• [EXERCISE DETAILS] Omitting all pictures, copy word for word the lines from the line containing "Bic Atlantis Retractable" through the final line of the entries.

• [DATA FOR THIS TASK]
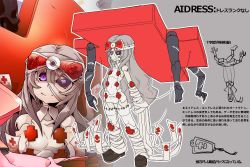 Rule 34 | 1girl, aidress (t.a.k.), bandaged arm, bandages, character name, cross, doll joints, eyepatch, garter straps, joints, long hair, multiple views, original, purple eyes, red cross, smile, symbol-shaped pupils, t.a.k., translation request, very long hair, white legwear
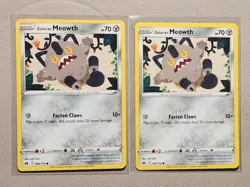 2x Galarian Meowth 084/159 Pokemon card Crown Zenith common NM - Image 1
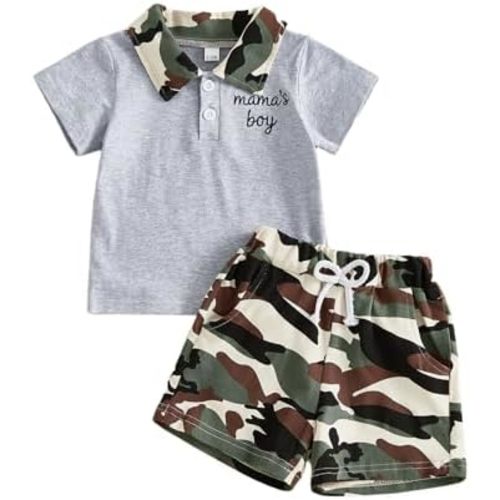 Fernvia Toddler Baby Boy Clothes Short Sleeve Embroidery Letters Shirt with Camouflage Shorts Infant 2Pcs Set Summer Outfits
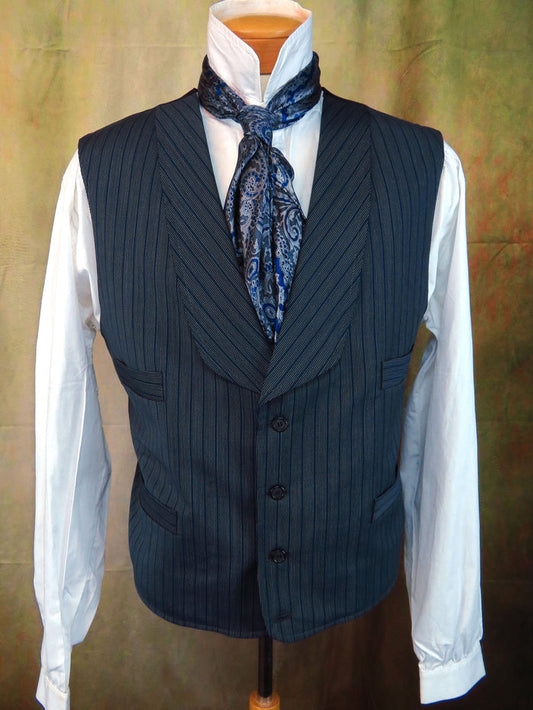 Men's Shawl Vest - Blue with Cream Mini Pencil Stripe #706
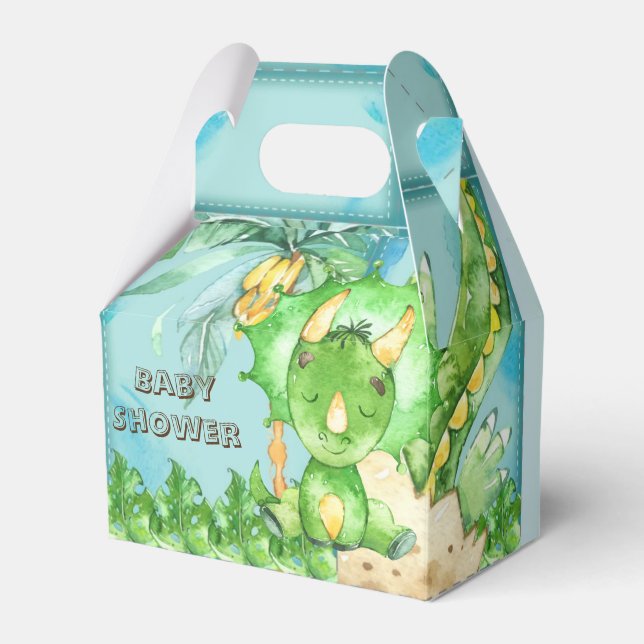 Watercolor Green Triceratops Boy Baby Shower Favor Boxes (Front Side)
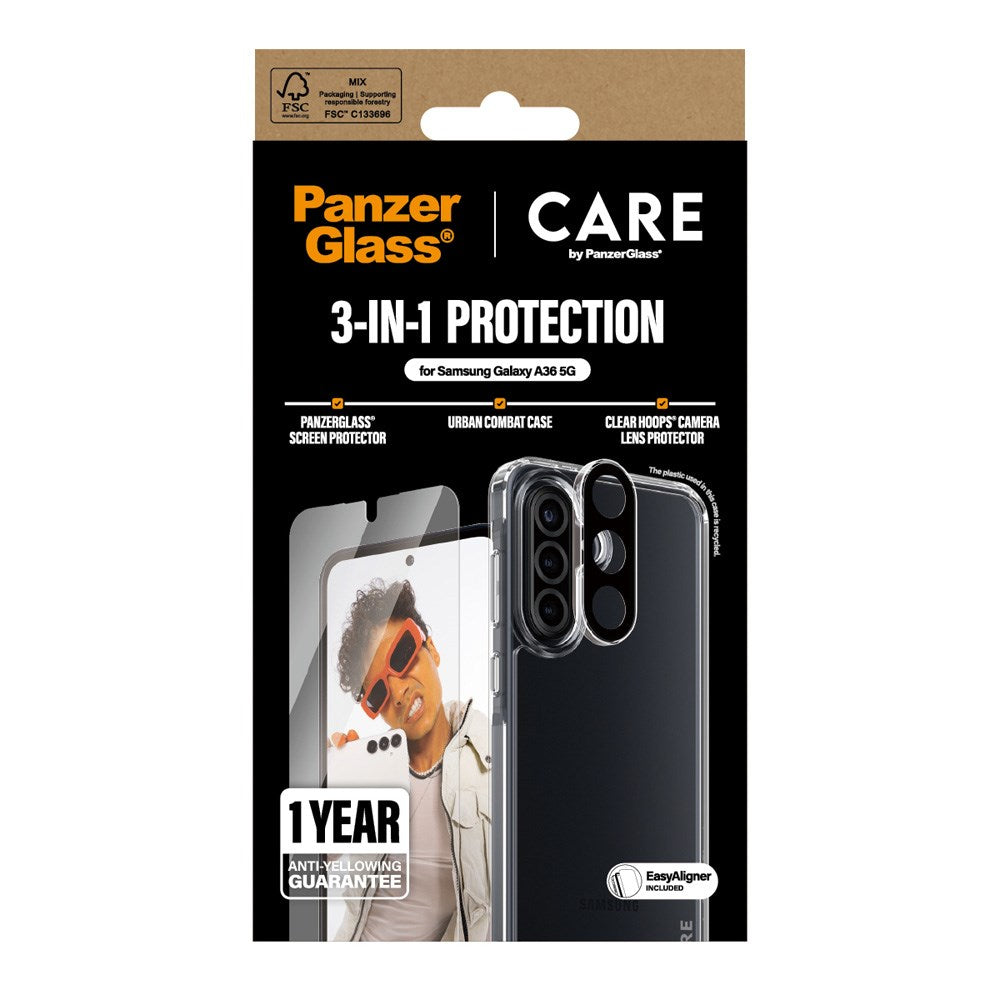 CARE by PanzerGlass Samsung Galaxy A36 (5G) 3-i-1 FLAGSHIP Bundle - Case / Screen Protector (UWF) / Camera Protection - Transparent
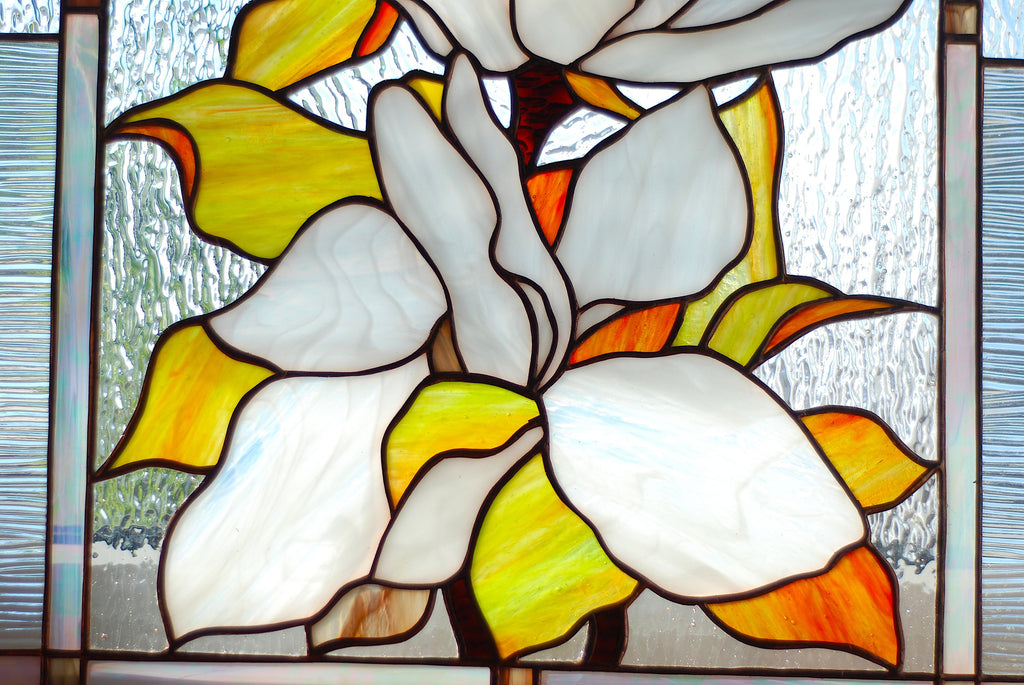 Stained Glass Window Panel White Magnolia 11 x 16 in, Custom Window Hangings White Flower Sun catcher Personalized gift, Glass art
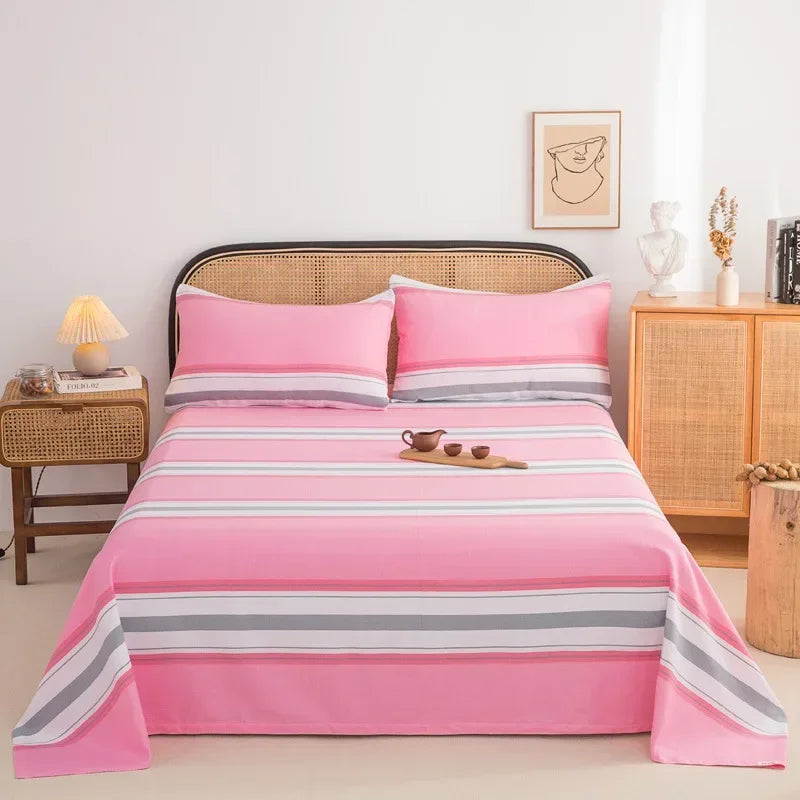 Soft 100% Cotton Coarse Cloth Bed Sheet Thick Sleep Naked Single Double Bedsheet Comfortable Durable Breathable Bed Sheets Queen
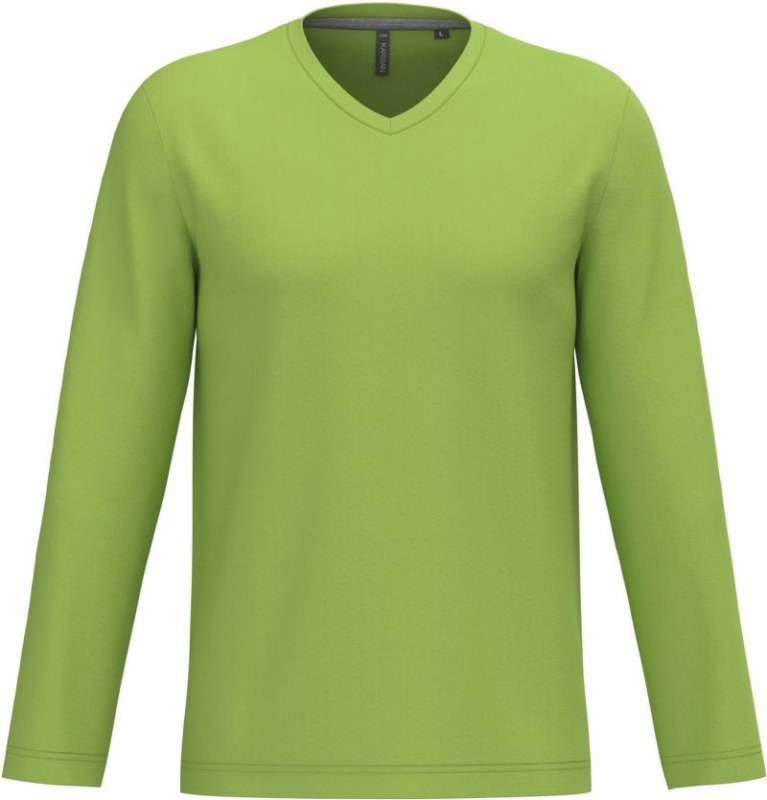 Kariban K 358 Pánské tričko do V s dl. rukávem 20.K358 lime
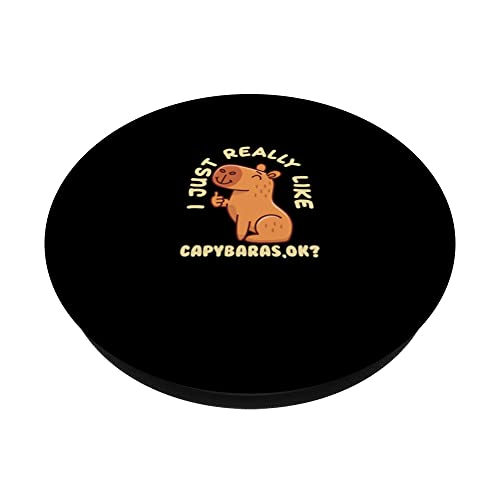 Capybara Lover Cute Capybaras Rodent Animal Capybara PopSockets Swappable PopGrip, Black - Image 2
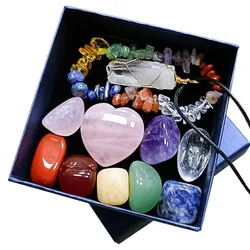 Natural Stone Crystal Jade Seven Chakra Combination Set Pink Crystal Love Hexagon Column Pendant Chakra Gift Box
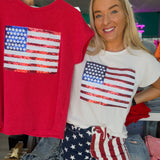 Ribbed American Flag Sequin Top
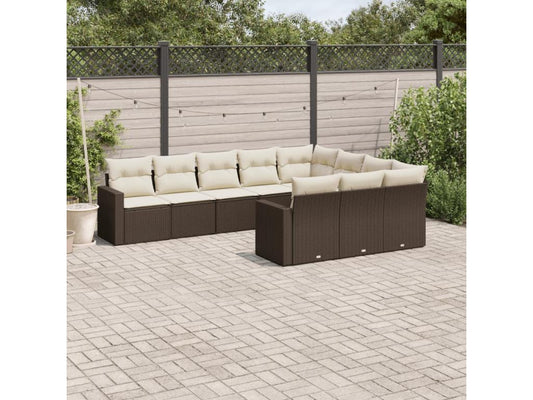 Salon de jardin 10 pcs avec coussins marron résine tressée VGSF66088
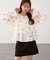 花柄刺繍シャーリングブラウス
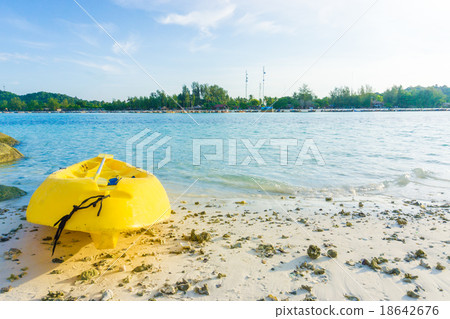Yellow kayak on the sea. Kayaking on island Yellow kayak on the sea. Kayaking on island 18642676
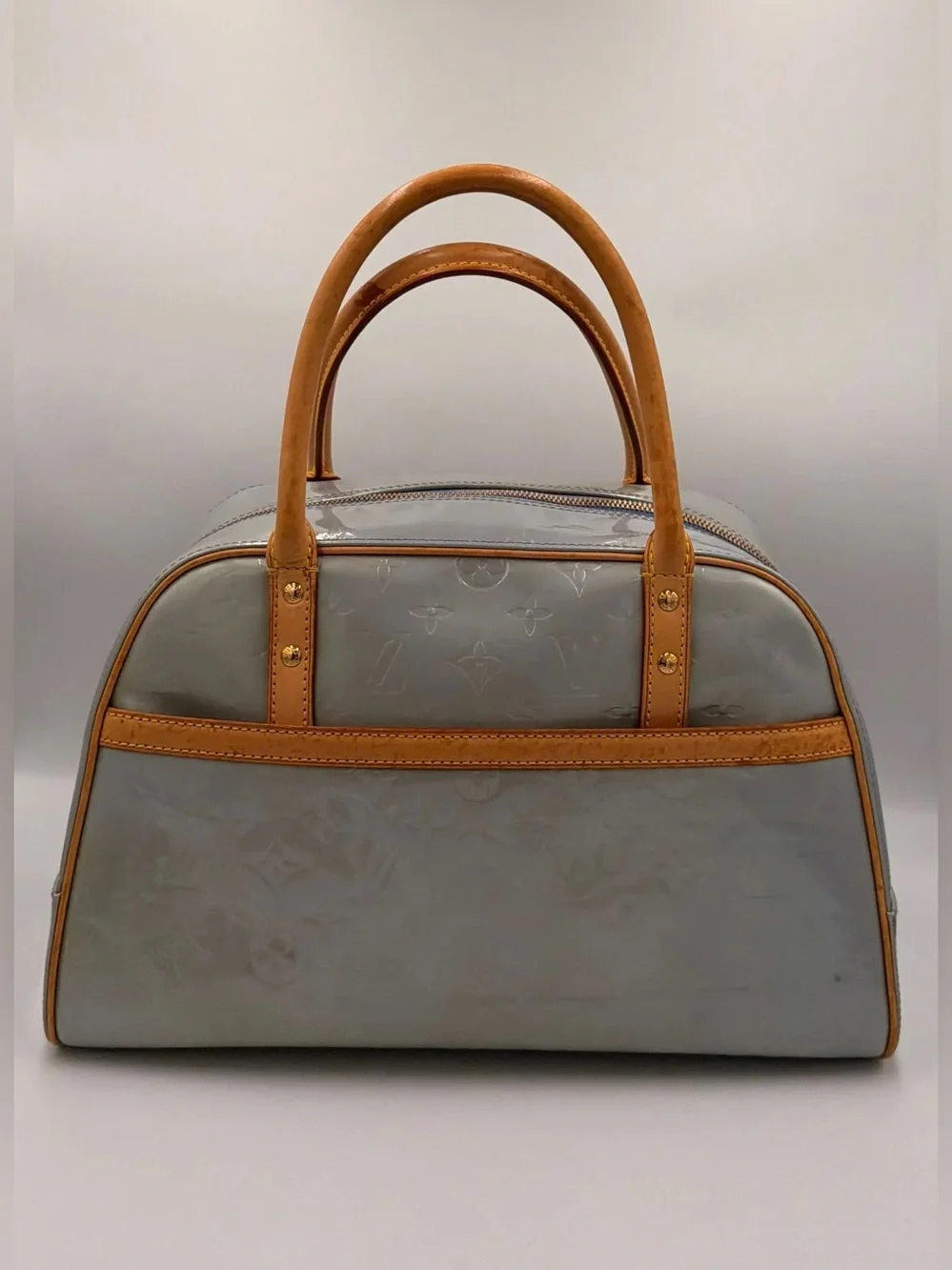 LV Tompkins Square — Vernis Leather Blue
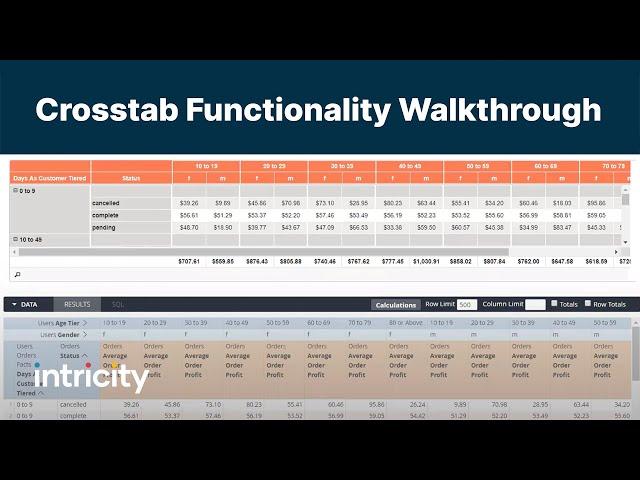 Crosstab Functionality Walkthrough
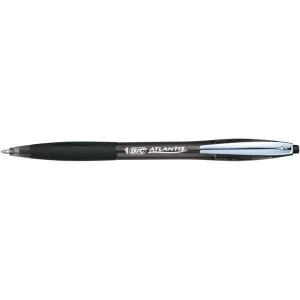 Bic Atlantis Retractable Ballpoint Pen with Rubber Grip Black Pack of 12 Pens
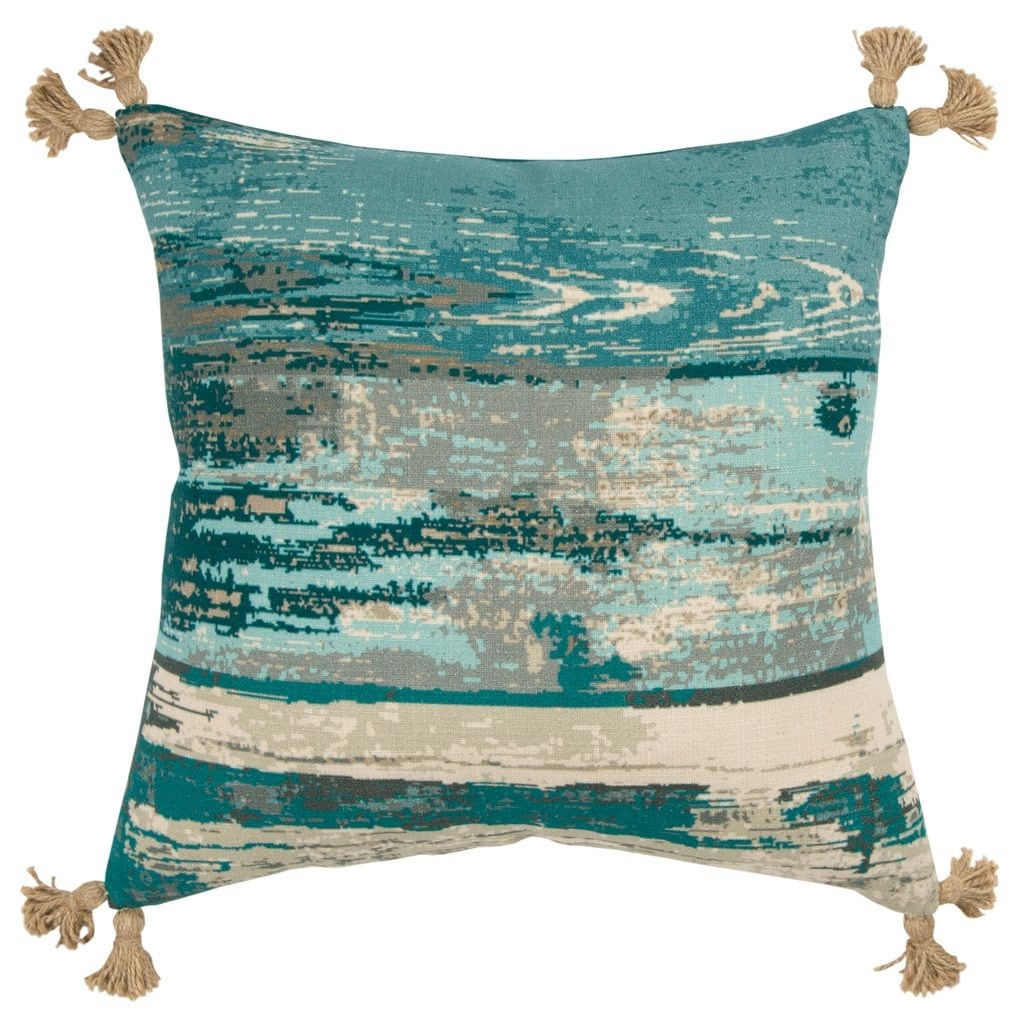 Teal Tassel Abstract Throw Pillow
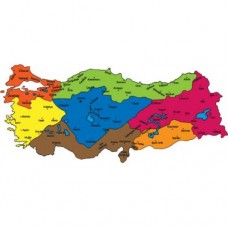 -STATİK KAĞIT- Türkiye Bölgeler Haritası Şeffaf 150x83 cm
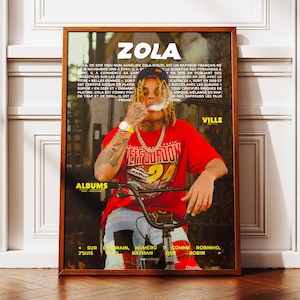 Póster de Zola | Póster de Zola | Afiche del rapero | Carteles de artistas musicales | Póster de arte de pared | Afiche del álbum de música | rap francés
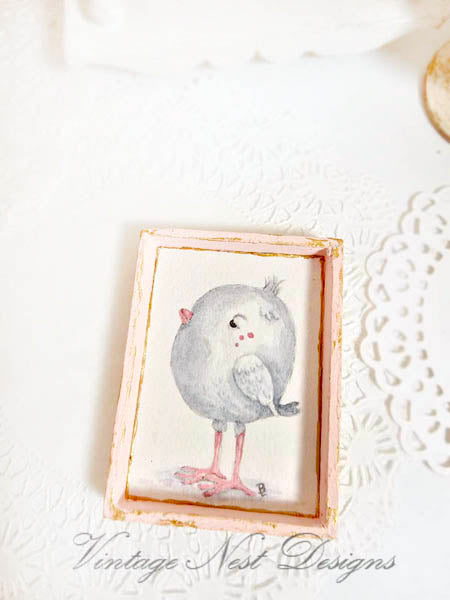 Miniature Pink Tweet No.1:3 Wood Frame Dollhouse Wall House Decor Diorama Shadow Box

• [ANSWER SPACE]
 Bic Atlantis Retractable Ballpoint Pen with Rubber Grip Black Pack of 12 Pens
 Teal Tassel Abstract Throw Pillow
 -STATİK KAĞIT- Türkiye Bölgeler Haritası Şeffaf 150x83 cm
 Póster de Zola | Póster de Zola | Afiche del rapero | Carteles de artistas musicales | Póster de arte de pared | Afiche del álbum de música | rap francés
 Miniature Pink Tweet No.1:3 Wood Frame Dollhouse Wall House Decor Diorama Shadow Box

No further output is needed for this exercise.